La mayoría de las drogas usadas en el tratamiento pueden ser detectadas en la leche de las puérperas, por lo cual la lactancia materna sólo se considera segura una vez transcurridas 2 a 4 semanas de completado el último ciclo de quimioterapia.

La manipulación hormonal, si está indicada, se inicia posterior al parto y después de la realización de la quimioterapia.
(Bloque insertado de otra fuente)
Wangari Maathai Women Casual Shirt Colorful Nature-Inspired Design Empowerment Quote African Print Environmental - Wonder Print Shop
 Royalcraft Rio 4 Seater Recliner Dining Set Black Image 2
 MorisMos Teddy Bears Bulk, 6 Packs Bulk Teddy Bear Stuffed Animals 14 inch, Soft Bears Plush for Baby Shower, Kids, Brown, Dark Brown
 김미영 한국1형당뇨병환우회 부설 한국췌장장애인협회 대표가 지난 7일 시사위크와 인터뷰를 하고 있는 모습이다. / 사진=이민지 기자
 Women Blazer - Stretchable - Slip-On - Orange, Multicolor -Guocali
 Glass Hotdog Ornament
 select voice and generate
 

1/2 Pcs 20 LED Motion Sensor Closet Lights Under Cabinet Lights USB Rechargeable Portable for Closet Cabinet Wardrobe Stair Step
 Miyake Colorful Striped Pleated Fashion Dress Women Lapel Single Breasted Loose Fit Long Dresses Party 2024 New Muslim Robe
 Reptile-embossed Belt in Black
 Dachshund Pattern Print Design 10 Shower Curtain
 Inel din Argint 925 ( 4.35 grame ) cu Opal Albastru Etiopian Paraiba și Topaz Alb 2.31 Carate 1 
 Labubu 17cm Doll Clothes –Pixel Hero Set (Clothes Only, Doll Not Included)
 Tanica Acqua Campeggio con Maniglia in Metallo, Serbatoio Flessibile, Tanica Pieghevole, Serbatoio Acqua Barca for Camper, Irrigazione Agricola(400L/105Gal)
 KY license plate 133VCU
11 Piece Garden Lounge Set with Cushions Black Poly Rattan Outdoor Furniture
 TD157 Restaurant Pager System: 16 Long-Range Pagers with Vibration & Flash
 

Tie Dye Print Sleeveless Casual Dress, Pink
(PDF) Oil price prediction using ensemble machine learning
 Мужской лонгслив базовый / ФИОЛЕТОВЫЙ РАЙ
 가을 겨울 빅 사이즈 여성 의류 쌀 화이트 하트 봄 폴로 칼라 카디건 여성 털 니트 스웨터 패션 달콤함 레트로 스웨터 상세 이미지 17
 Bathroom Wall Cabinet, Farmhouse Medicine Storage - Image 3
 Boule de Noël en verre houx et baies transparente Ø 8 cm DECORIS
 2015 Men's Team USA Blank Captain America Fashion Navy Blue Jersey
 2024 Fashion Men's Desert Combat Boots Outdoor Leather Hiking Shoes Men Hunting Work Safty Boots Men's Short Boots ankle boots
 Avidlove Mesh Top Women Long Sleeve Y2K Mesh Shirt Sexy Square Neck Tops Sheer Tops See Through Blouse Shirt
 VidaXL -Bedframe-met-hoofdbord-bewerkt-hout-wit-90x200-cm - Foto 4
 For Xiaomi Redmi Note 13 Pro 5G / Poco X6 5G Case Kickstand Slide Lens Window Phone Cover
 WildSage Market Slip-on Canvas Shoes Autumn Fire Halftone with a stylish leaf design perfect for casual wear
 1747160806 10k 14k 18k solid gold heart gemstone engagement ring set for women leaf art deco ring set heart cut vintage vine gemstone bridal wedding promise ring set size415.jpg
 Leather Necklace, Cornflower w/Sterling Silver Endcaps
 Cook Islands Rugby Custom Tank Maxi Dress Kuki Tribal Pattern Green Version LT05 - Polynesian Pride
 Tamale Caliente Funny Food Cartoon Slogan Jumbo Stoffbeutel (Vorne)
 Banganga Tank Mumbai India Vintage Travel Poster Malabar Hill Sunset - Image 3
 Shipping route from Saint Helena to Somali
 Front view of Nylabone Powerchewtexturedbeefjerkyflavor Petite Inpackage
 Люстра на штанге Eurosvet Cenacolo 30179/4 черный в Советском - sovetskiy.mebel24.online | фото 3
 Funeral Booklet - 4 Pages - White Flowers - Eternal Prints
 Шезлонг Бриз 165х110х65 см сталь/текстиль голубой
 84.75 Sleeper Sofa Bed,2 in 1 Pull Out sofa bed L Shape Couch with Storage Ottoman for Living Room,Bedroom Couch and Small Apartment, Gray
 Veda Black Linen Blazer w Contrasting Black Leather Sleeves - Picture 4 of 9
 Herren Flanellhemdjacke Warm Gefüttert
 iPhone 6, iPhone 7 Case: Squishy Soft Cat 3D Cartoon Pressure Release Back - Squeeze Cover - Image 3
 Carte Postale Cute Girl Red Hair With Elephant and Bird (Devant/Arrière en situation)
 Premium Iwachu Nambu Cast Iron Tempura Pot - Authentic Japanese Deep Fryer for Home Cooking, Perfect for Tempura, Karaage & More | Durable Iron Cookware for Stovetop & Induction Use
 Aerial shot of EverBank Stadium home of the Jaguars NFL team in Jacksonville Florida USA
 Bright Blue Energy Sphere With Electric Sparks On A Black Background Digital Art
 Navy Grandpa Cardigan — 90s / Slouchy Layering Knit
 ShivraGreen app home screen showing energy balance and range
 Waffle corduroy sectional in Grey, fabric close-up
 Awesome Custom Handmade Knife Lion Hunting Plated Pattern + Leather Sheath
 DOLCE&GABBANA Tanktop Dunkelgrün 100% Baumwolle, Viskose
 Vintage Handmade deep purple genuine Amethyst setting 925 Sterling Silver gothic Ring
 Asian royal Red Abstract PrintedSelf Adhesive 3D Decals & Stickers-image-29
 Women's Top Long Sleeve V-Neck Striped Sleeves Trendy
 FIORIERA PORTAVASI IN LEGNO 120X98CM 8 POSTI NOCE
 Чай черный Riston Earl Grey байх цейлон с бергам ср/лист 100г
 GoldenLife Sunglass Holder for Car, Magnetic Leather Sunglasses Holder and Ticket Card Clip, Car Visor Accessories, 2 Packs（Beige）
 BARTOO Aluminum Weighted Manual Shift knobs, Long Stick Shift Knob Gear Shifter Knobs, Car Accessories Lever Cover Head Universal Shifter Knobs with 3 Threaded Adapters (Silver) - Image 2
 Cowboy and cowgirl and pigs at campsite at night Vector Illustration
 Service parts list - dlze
Aunque existen reportes de uso de tamoxifeno durante el embarazo se considera que la droga puede producir malformaciones fetales, por lo cual generalmente se contraindica durante la gestación.

El pronóstico de las mujeres con Cáncer mamario durante el embarazo es similar pronóstico que las mujeres no embarazadas con la misma enfermedad. Petrek reporta que comparando estadio por estadio, no hay ninguna diferencia en la sobrevida entre las mujeres embarazadas y aquellas que desarrollan el cáncer sin estar embarazadas y que en el cáncer en estadio temprano ambos grupos tienen porcentajes de sobrevida de aproximadamente 80%. Sin embargo, como el Cáncer mamario durante el embarazo se diagnóstica con mayor frecuencia en estadios avanzados globalmente su pronóstico impresiona como muy adverso. No existe evidencia suficiente para afirmar que la interrupción del embarazo cambie el pronóstico.

En caso de carcinoma inflamatorio de mama

Tras la cirugía estaría indicado continuar con quimioterapia a base de los mismos fármacos y dosis hasta un máximo de 6 tandas, con el objeto de realizar un tratamiento sistémico complementario que reduzca la incidencia de metástasis a distancia.

En cuanto al tratamiento local, la indicación se establece casi siempre puesto que la respuesta local no se mantiene y el nuevo rebrote va a ser muy difícil de tratar localmente. Se prefiere la cirugía cuando se demuestra que queda masa tumoral y la radioterapia cuando no se evidencia resto tumoral, puesto que en muchas ocasiones de carcinoma inflamatorio puro sin tumor tras la mastectomía no se han encontrado células neoplasicas.

El intervalo ideal entre el tratamiento del cáncer de mama y el siguiente embarazo es desconocido.